EXTRACTED MATERIAL Start Marker

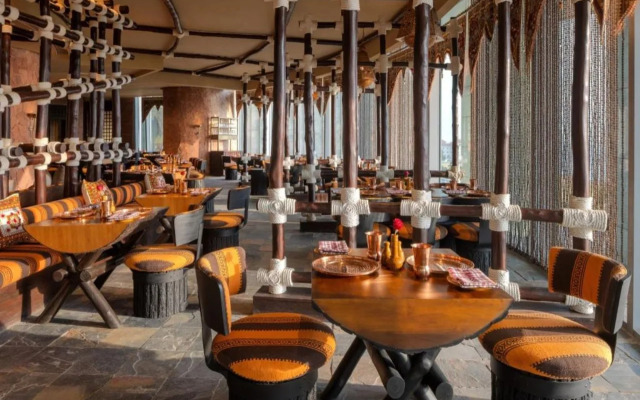 ITC Ratnadipa, a Luxury Collection Hotel, Colombo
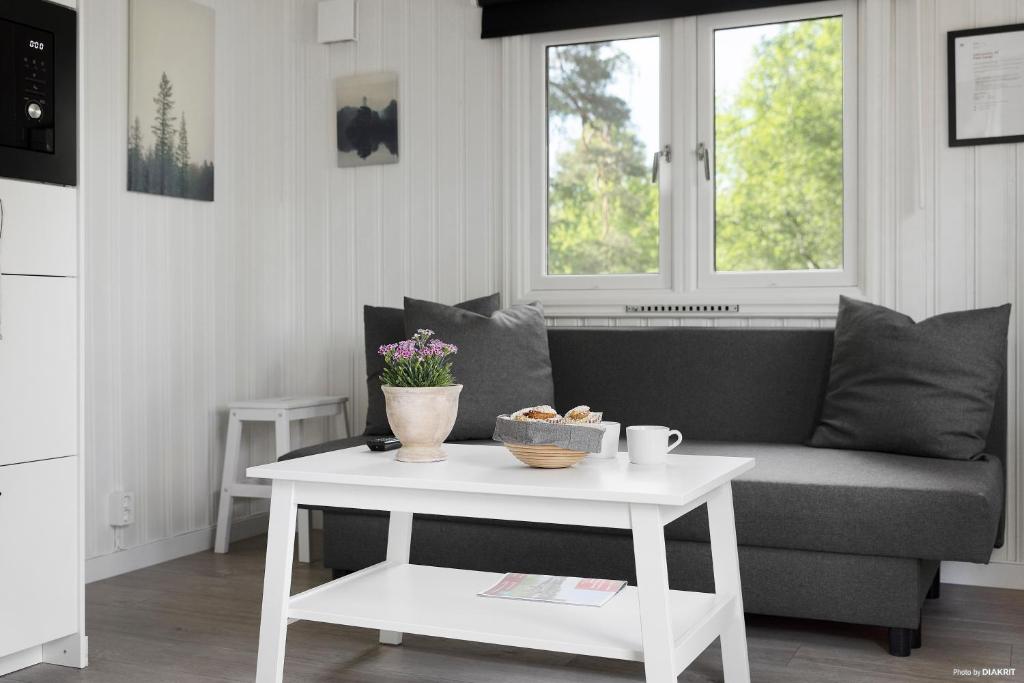 Posezení v ubytování First Camp Kolmården-Norrköping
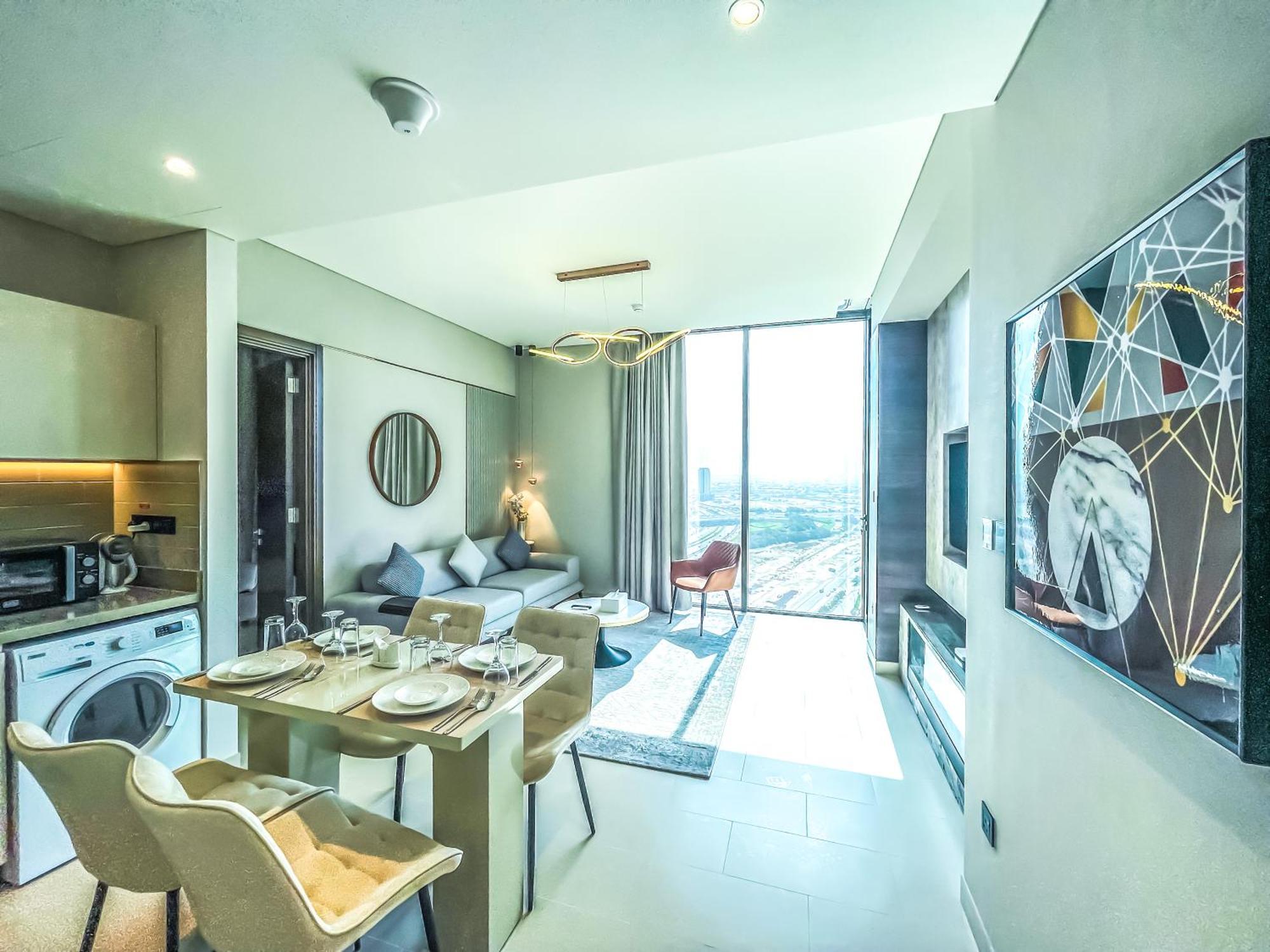 Stay By Latinem Luxury 2Br Holiday Home Cv B2513 Near Burj Khalifa 두바이 외부 사진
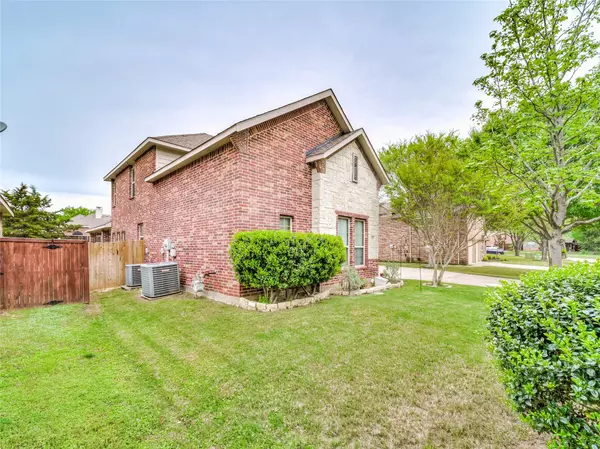 Corinth, TX 76208,1915 Creek Bend Drive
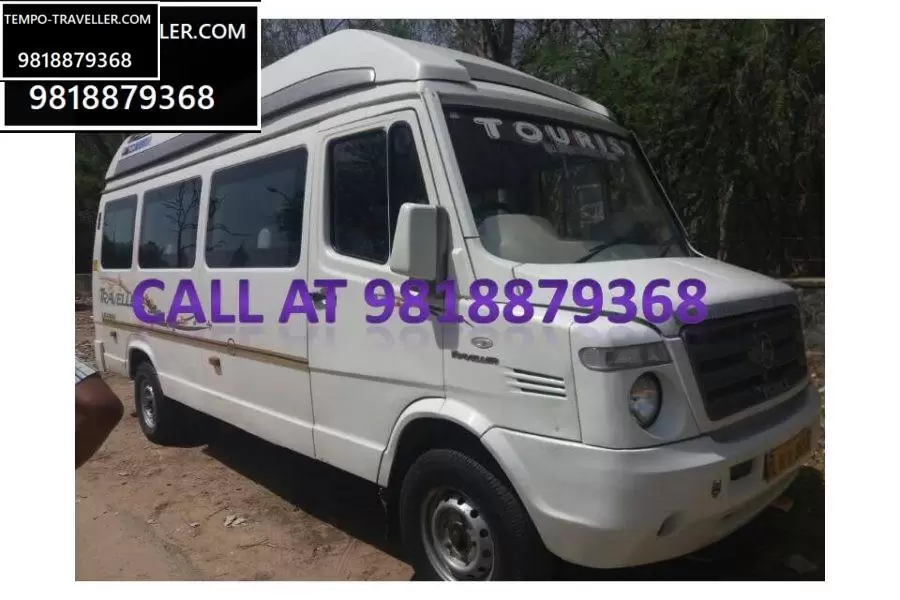 9 seater tempo traveller images 1 900x600 2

EXTRACTED MATERIAL End Marker

### THE TASK
Please output every record above exactly. Leave the pictures out.

### OUTPUT OF THE EXERCISE
 ITC Ratnadipa, a Luxury Collection Hotel, Colombo
 Posezení v ubytování First Camp Kolmården-Norrköping
 Stay By Latinem Luxury 2Br Holiday Home Cv B2513 Near Burj Khalifa 두바이 외부 사진
 Corinth, TX 76208,1915 Creek Bend Drive
 9 seater tempo traveller images 1 900x600 2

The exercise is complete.